**Given records**
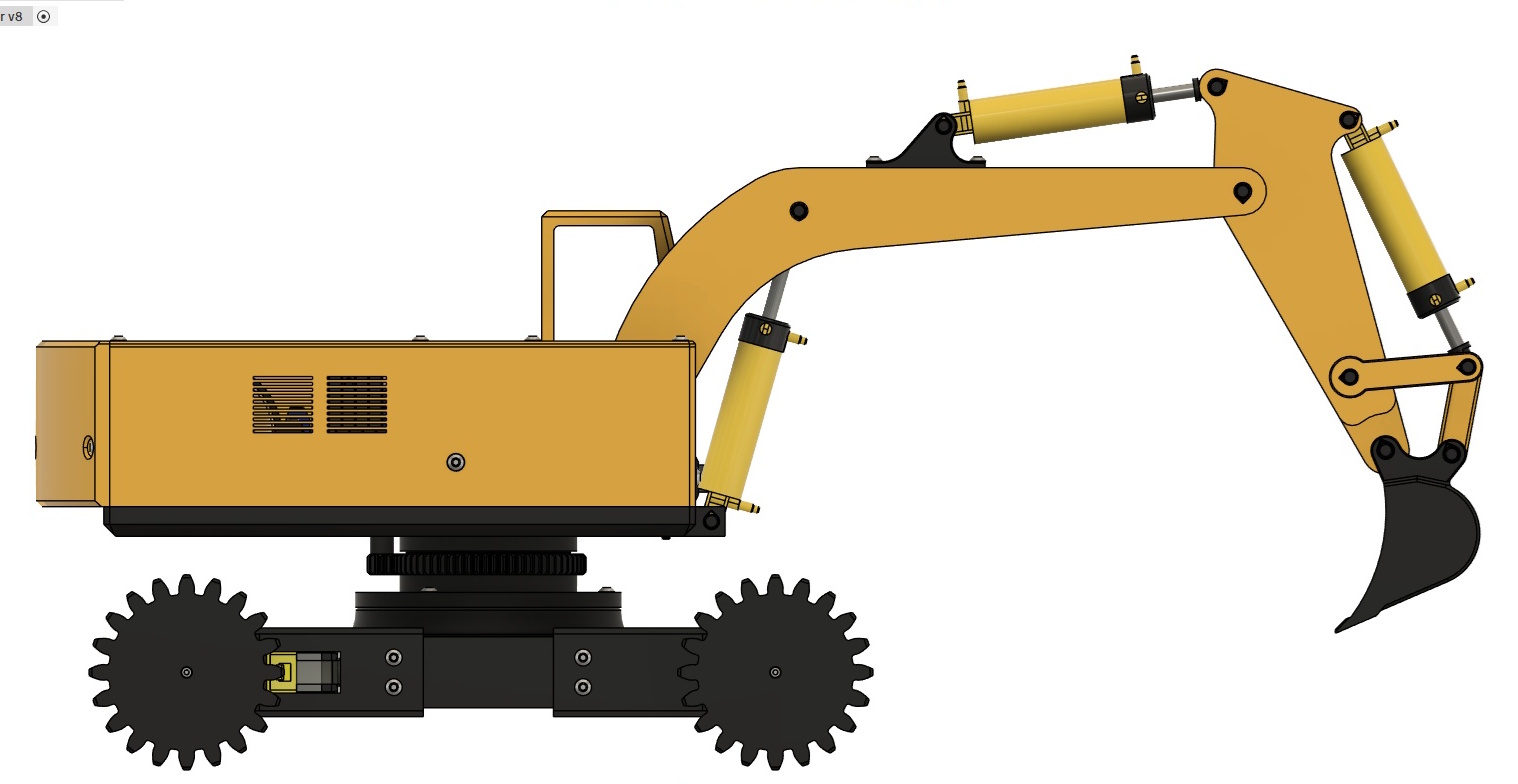 CAD model bagru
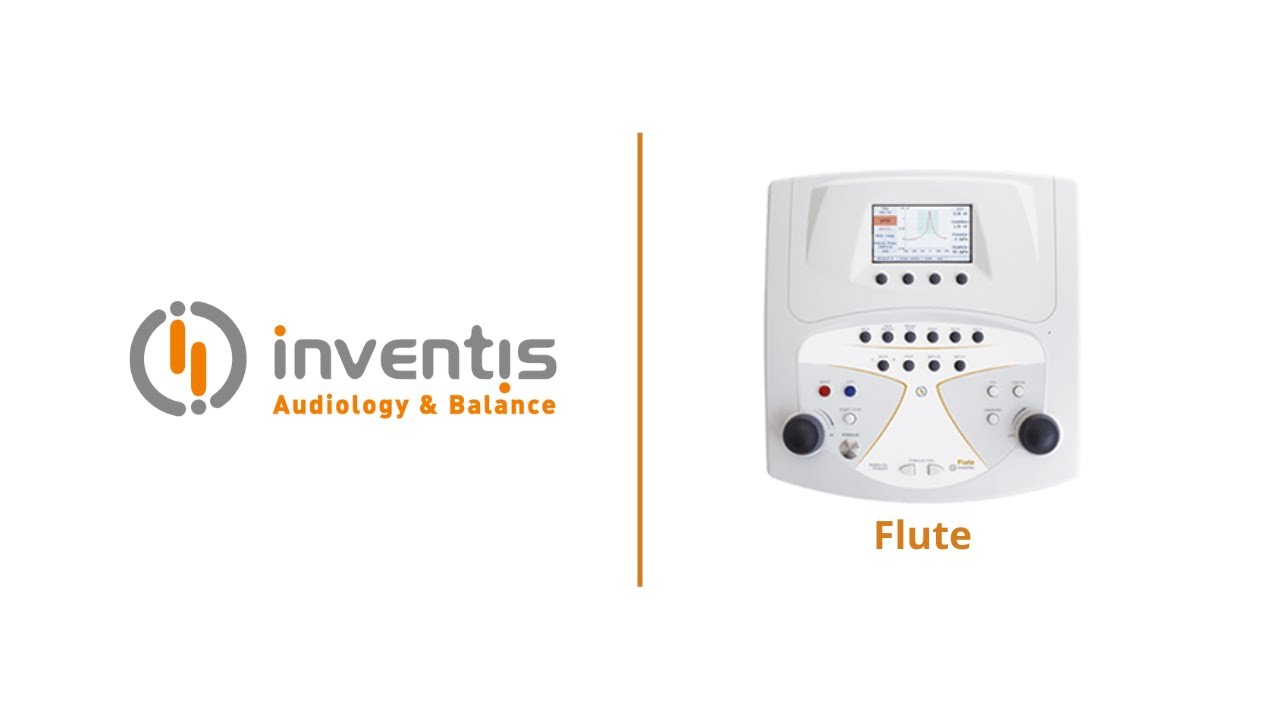 Inventis Flute • Timpanometria e Test dei Riflessi Acustici
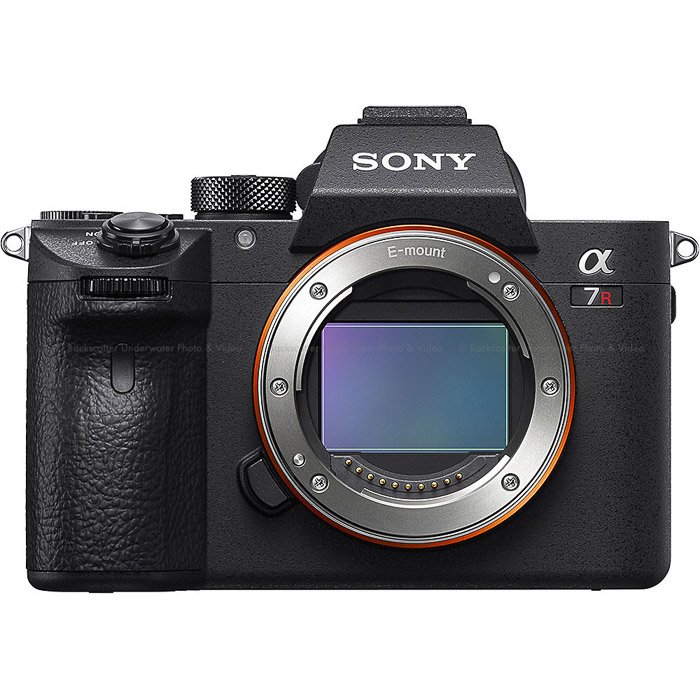 The Sony a7R III mirrorless camera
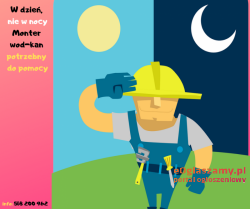 Pomocnik montera wod-kan oraz osoba do przyuczenia – sieci sanitarne zewnętrzne.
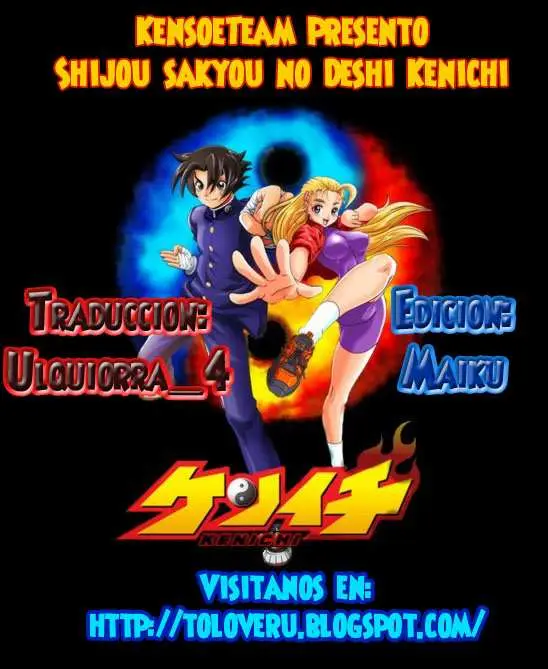 Shijo Saikyo no Deshi Kenichi - Capítulo 403 - Página 16 - LectorTMOo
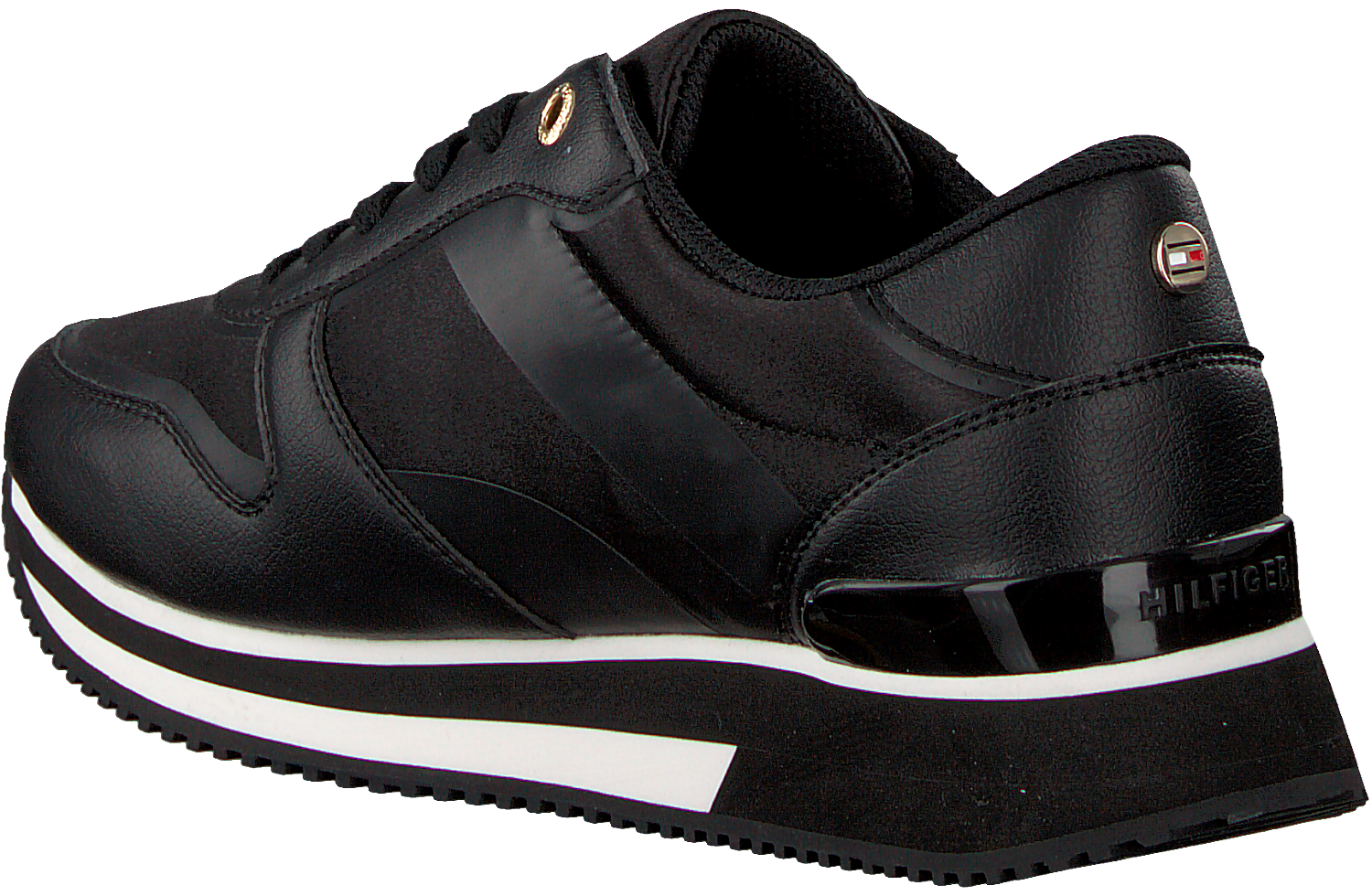 Zwarte MEXX Lage sneakers FLEUR | Omoda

**Action item**
Since only the text is wanted, repeat all the records above exactly and omit the pictures.

**Answer to the problem**
 CAD model bagru
 Inventis Flute • Timpanometria e Test dei Riflessi Acustici
 The Sony a7R III mirrorless camera
 Pomocnik montera wod-kan oraz osoba do przyuczenia – sieci sanitarne zewnętrzne.
 Shijo Saikyo no Deshi Kenichi - Capítulo 403 - Página 16 - LectorTMOo
 Zwarte MEXX Lage sneakers FLEUR | Omoda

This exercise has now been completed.